The data-driven foundation models (FMs) for scientific machine learning (SciML) have enabled generalizable modelling of complex physical systems and simultaneously amplified the challenge of understanding and managing uncertainty. The development of FMs require large multi-domain datasets for training models having parameters ranging from a few millions to billions. Therefore, Uncertainty Quantification (UQ) for FMs must be considered at all stages of the model development lifecycle. In this work, we present a systematic framework to guide UQ across four critical stages: (1) Data and Dataset Curation; (2) Tokenisation and discretization; (3) Model Architecture; and (4) Training and Fine-tuning to quantify epistemic and aleatoric uncertainties.
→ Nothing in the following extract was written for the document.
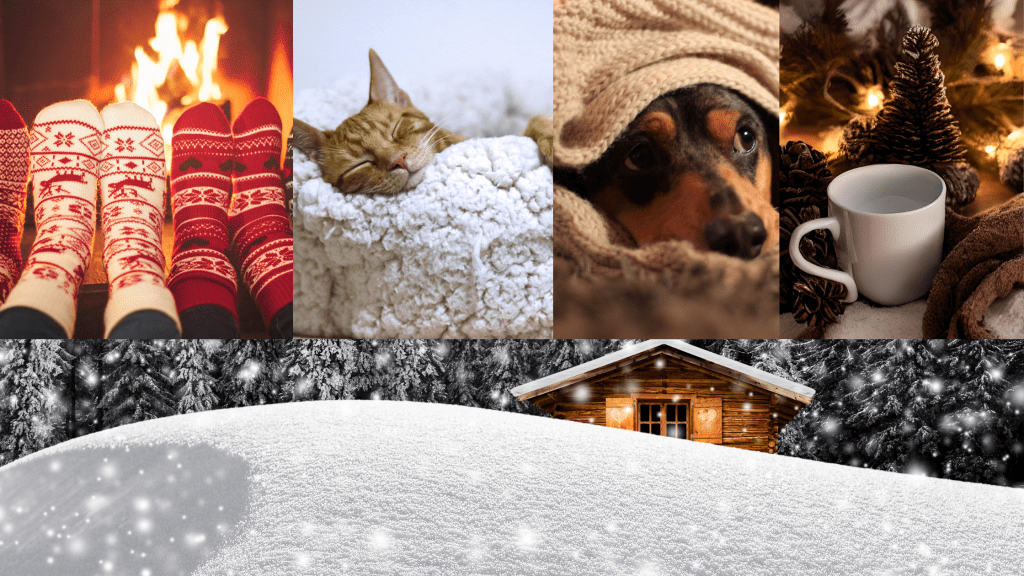 Cozy medley of images such as feet warming by the fire, cat curled up in a blanket, dog curled up in a blanket, a mug surrounded by white lights and a pine cone, and a snow bank in front of a log cabin in the woods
To demonstrate the proposed approach, we perform a comparative study on different SciML FMs spanning several orders of magnitude in number of parameters (ranging from specialised architectures with a few thousand parameters to large-scale foundation models with billions of parameters). Specifically, we use the recently proposed technique of combining the variational inference (VI) with Hamiltonian Monte Carlo (HMC) methods to perform UQ for neural networks and neural operators [1]. The VI based training of the FMs enable identification of model parameters contributing towards the uncertainty in the model output, followed by the HMC only on the identified parameters. Through our study, we highlight how uncertainty evolves with model and data scale and task complexity during pretraining and finetuning. Our proposed approach will enable researchers and FM developers to effectively probe the development pipelines and create reliable models.